Possible training bugs - Githubissues

Dear authors,

First, thank you for sharing the code!

I've observed 2 possible bugs in the training loop, which I'd appreciate if you could either confirm or explain the reason behind the piece of code.

In https://github.com/sunnweiwei/GenRet/issues/7 you mentioned that you trained using a multi-GPU (single node I guess) configuration with the exception of the testing part code (am I wrong thinking that this part only affects to test and test_dr functions)? I managed to separate the testing part from the multi-GPU training using accelerator.is_local_main_process, but the method safe_save kept returning None for all the processes but for the main process (this leaded to fail the loading of the different components for all the processes but the main process). I think this is a bug. I assumed that it is, and I managed to fix it using accelerate.utils.broadcast_object_list.
In the function train you set epoch_step = len(data_loader) // in_batch_size. If I'm not wrong, you manually split your dataset using BiDataset using in_batch_size, and use the variable batch_size with the pytorch data loader. I think that epoch_step is supposed to contain the number of steps per epoch, but with respect to batch_size, not in_batch_size because we are using the data loader. I observed in the debugging executions I made that not all the steps per epoch are executed, but only a part of the epoch. Specifically, only len(data_loader) // in_batch_size is executed, which is not the 100% of the dataset (the higher in_batch_size, the fewer steps are executed). If I'm not wrong about this bug, this does not affect your conclusions, but your results might be even better because not all the training data is being used. The fix I applied assuming this is a bug is len(data_loader) // batch_size, which since bach_size = 1, basically means that you see all the data batches.

Thank you!

EDIT:

Regarding point 2, if I'm not wrong, if in_batch_size != 1 and step > (epoch + 1) * epoch_step: should be modified to if in_batch_size != 1 and step >= (epoch + 1) * epoch_step: in order to save the model once the epoch is executed.

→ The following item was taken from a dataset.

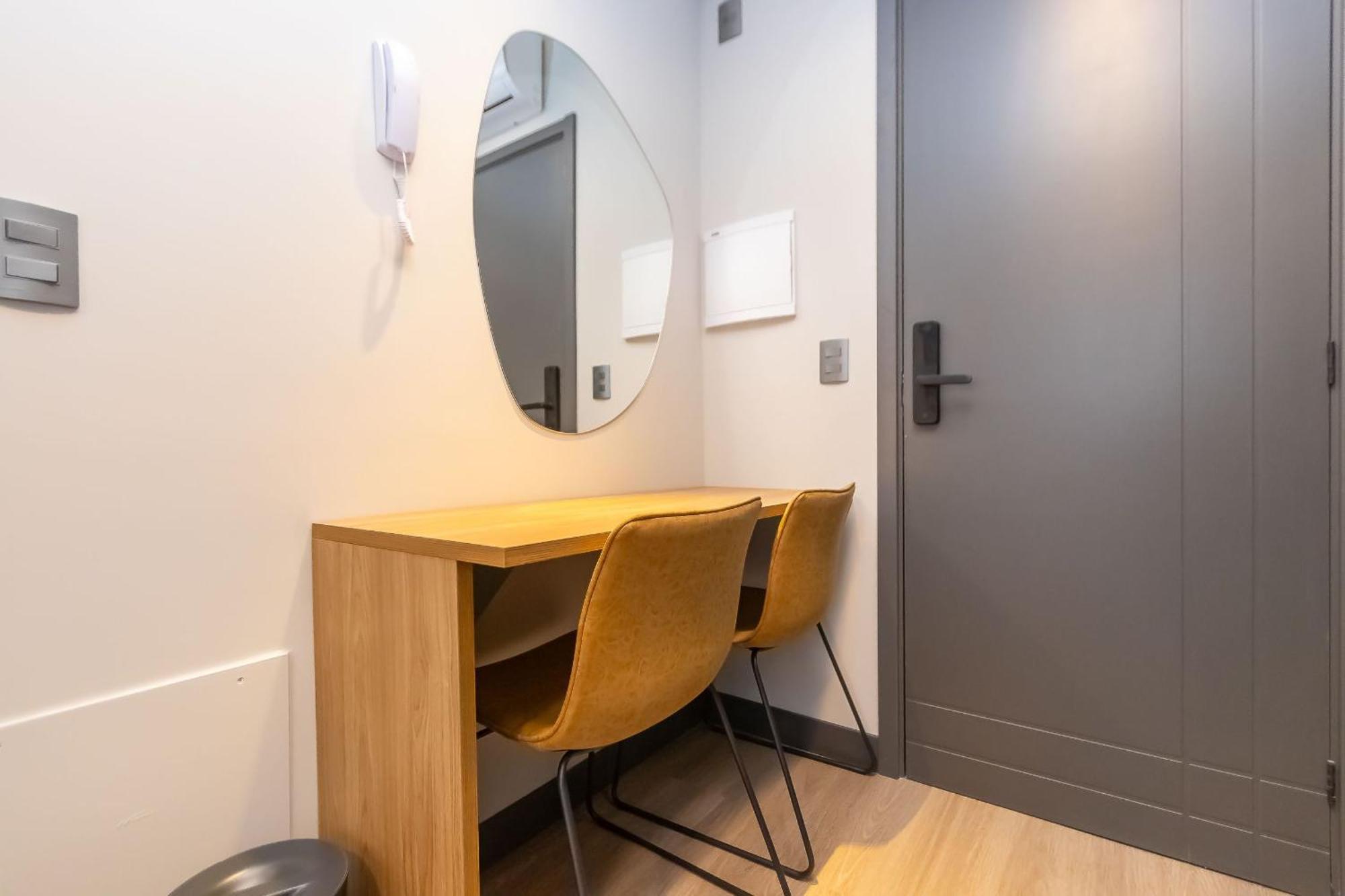Apartamento Vibe - Apto De 1 - 2 Pessoas - Vib0903 *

Again, regarding point 2, the line len(data_loader) // batch_size could be related to https://huggingface.co/docs/accelerate/en/usage_guides/gradient_accumulation (they use something similar: batch_size = len(x) // gradient_accumulation_steps, but not sure if equivalent to your code)? If is the case, again the value would be batch_size (constant with value 1) instead of in_batch_size since you set gradient_accumulation_steps=1, isn't it? Wouldn't this mean that your actual batch size is 128 instead of 256 as you specified in the paper? In the code the default value for the batch size is 128, and for a batch size of 254 you would need gradient_accumulation_steps=2 instead, isn't it?

EDIT:

Sorry about this comment, but I'm not sure yet about the actual batch size when using multi-GPU training: https://discuss.huggingface.co/t/what-is-my-batch-size/41390/2?u=cgr71ii . As far as I understand from the HF accelerate documentation, if your batch size was 128, gradient_accumulation_steps=1, and you used 2 GPUs for the training, then your actual batch size would be 256).

EDIT 2:

Yes, according to the response I received in the HF forum, the actual batch_size should be 256 if you used 2 GPUs with the current training script. I think this comment can be ignored, sorry.

EDIT 3:

In https://github.com/sunnweiwei/GenRet/issues/3#issuecomment-1902629598 you mentioned that you used 8 GPUs. Then your actual batch size was 128 * 8 = 1024? If I'm not wrong, if you used 8 GPUs and your actual batch size was 256, that would mean that you used a batch size of 16 per GPU.

Hi!

I think I found another problem in the training code. When you run config['prev_id'] = f'{checkpoint}.code' if checkpoint is not None else None in the main training loop, the checkpoint is referencing a model from the previous training iteration (i.e., if loop=0, no IDs because return_code_logits = None but config['code_length'] = loop + 1 = 1; if loop=1 then you're loading IDs with length of 1 and config['code_length'] = loop + 1 = 2, ...). This means that all the time we have config['code_length'] = loop + 1, and it works well, but when you finish the main loop and the final training step starts, the line add_last(f'{checkpoint}.code', args.code_num, f'{checkpoint}.code.last') adds an additional ID and we break the config['code_length'] = loop + 1 and we have config['code_length'] = loop, which is not in the code. This raises an error in the line query_code_loss = F.cross_entropy(query_outputs.code_logits.view(-1, code_number), batch['ids'][:, 1:].reshape(-1)), since the shape is different in query_outputs.code_logits.view(-1, code_number) (I'm using a batch size of 200, so this variable gets a shape of 600) and batch['ids'][:, 1:].reshape(-1) (shape of 800). Do you think this is a bug or perhaps I did something wrong?

EDIT:

For this problem I've found 2 different fixes which I don't know if it solves or not the problem, but they are:

Modify loop = args.max_length to loop = args.max_length + 1. I think this "solution" is not the correct one because is not "natural" about how the loop variable has been modified through the for loop. With this solution, the values of the loop variable would be 0, 1, 2 and 4, instead of 0, 1, 2 and 3.
Remove the line add_last(f'{checkpoint}.code', args.code_num, f'{checkpoint}.code.last') and change config['prev_id'] = f'{checkpoint}.code.last' to config['prev_id'] = f'{checkpoint}.code. This affects to the code in the way that we do not have 4 IDs per document/query but 3, which is the value that is described in the original paper. Why should this line be executed? What's its purpose? In fact, this add_last function is adding a 4th value to the docids which is not semantic but arbitrary since is counting if the specific docid is being assigned to different documents (or querys, not sure which one), and lastly it applies module 512 in order to be in the range [0, 512).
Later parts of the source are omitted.